(Task prompt) Please filter the entries for the word "mask" and copy every line that has it.

(The data)
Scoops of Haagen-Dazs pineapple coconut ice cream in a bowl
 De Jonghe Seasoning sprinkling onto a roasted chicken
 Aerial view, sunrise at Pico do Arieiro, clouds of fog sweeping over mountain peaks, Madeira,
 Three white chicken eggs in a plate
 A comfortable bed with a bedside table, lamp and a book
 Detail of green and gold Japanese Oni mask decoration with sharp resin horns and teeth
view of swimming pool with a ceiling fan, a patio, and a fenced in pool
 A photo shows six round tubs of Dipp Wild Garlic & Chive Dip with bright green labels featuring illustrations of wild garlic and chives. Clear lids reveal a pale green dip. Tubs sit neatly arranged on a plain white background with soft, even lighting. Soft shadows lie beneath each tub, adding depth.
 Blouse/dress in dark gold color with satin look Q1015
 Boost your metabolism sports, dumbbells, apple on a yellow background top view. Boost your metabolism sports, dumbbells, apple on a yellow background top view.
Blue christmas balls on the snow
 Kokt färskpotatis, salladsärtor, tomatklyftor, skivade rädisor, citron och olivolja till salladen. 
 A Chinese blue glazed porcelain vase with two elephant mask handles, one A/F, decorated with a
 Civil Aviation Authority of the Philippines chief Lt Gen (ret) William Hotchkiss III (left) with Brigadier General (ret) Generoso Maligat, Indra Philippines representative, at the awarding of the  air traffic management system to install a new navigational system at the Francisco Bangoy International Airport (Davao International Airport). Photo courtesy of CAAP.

(Exercise output)
 Detail of green and gold Japanese Oni mask decoration with sharp resin horns and teeth
 A Chinese blue glazed porcelain vase with two elephant mask handles, one A/F, decorated with a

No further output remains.